| Source records |
+ + + +
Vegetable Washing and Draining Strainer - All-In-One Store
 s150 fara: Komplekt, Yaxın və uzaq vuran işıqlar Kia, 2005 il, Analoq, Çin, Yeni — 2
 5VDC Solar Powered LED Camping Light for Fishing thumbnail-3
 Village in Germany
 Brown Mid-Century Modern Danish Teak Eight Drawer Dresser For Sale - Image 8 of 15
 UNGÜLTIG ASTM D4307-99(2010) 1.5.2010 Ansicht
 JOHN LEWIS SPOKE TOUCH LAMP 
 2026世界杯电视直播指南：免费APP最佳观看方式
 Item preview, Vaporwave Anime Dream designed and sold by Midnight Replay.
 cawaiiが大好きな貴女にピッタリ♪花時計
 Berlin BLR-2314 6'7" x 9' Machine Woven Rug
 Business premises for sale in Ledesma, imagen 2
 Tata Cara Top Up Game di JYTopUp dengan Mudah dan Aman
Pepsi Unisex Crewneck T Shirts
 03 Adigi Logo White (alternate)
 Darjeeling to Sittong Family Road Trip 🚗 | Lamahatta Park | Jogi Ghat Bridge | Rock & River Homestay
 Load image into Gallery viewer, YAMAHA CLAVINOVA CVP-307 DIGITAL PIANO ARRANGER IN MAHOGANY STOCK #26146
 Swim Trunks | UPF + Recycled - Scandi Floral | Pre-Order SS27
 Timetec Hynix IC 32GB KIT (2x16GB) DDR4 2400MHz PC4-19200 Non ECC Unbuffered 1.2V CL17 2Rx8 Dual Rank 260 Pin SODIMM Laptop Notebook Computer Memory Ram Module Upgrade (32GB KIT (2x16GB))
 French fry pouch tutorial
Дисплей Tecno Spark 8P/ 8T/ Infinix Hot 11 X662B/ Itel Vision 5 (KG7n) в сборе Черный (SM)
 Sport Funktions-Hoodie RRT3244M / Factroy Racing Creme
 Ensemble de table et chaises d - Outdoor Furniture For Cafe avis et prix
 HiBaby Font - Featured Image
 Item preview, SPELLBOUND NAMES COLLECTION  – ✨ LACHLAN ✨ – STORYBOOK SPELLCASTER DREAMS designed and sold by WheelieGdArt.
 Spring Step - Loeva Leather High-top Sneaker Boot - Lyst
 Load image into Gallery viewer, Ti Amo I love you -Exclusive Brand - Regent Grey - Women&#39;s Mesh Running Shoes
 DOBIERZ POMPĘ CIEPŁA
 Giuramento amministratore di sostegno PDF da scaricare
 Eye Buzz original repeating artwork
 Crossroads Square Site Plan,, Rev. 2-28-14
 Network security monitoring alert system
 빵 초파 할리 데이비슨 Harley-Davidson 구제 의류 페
+ + + +
Your task is to transcribe the material exactly.

Vegetable Washing and Draining Strainer - All-In-One Store
 s150 fara: Komplekt, Yaxın və uzaq vuran işıqlar Kia, 2005 il, Analoq, Çin, Yeni — 2
 5VDC Solar Powered LED Camping Light for Fishing thumbnail-3
 Village in Germany
 Brown Mid-Century Modern Danish Teak Eight Drawer Dresser For Sale - Image 8 of 15
 UNGÜLTIG ASTM D4307-99(2010) 1.5.2010 Ansicht
 JOHN LEWIS SPOKE TOUCH LAMP 
 2026世界杯电视直播指南：免费APP最佳观看方式
 Item preview, Vaporwave Anime Dream designed and sold by Midnight Replay.
 cawaiiが大好きな貴女にピッタリ♪花時計
 Berlin BLR-2314 6'7" x 9' Machine Woven Rug
 Business premises for sale in Ledesma, imagen 2
 Tata Cara Top Up Game di JYTopUp dengan Mudah dan Aman
Pepsi Unisex Crewneck T Shirts
 03 Adigi Logo White (alternate)
 Darjeeling to Sittong Family Road Trip 🚗 | Lamahatta Park | Jogi Ghat Bridge | Rock & River Homestay
 Load image into Gallery viewer, YAMAHA CLAVINOVA CVP-307 DIGITAL PIANO ARRANGER IN MAHOGANY STOCK #26146
 Swim Trunks | UPF + Recycled - Scandi Floral | Pre-Order SS27
 Timetec Hynix IC 32GB KIT (2x16GB) DDR4 2400MHz PC4-19200 Non ECC Unbuffered 1.2V CL17 2Rx8 Dual Rank 260 Pin SODIMM Laptop Notebook Computer Memory Ram Module Upgrade (32GB KIT (2x16GB))
 French fry pouch tutorial
Дисплей Tecno Spark 8P/ 8T/ Infinix Hot 11 X662B/ Itel Vision 5 (KG7n) в сборе Черный (SM)
 Sport Funktions-Hoodie RRT3244M / Factroy Racing Creme
 Ensemble de table et chaises d - Outdoor Furniture For Cafe avis et prix
 HiBaby Font - Featured Image
 Item preview, SPELLBOUND NAMES COLLECTION  – ✨ LACHLAN ✨ – STORYBOOK SPELLCASTER DREAMS designed and sold by WheelieGdArt.
 Spring Step - Loeva Leather High-top Sneaker Boot - Lyst
 Load image into Gallery viewer, Ti Amo I love you -Exclusive Brand - Regent Grey - Women&#39;s Mesh Running Shoes
 DOBIERZ POMPĘ CIEPŁA
 Giuramento amministratore di sostegno PDF da scaricare
 Eye Buzz original repeating artwork
 Crossroads Square Site Plan,, Rev. 2-28-14
 Network security monitoring alert system
 빵 초파 할리 데이비슨 Harley-Davidson 구제 의류 페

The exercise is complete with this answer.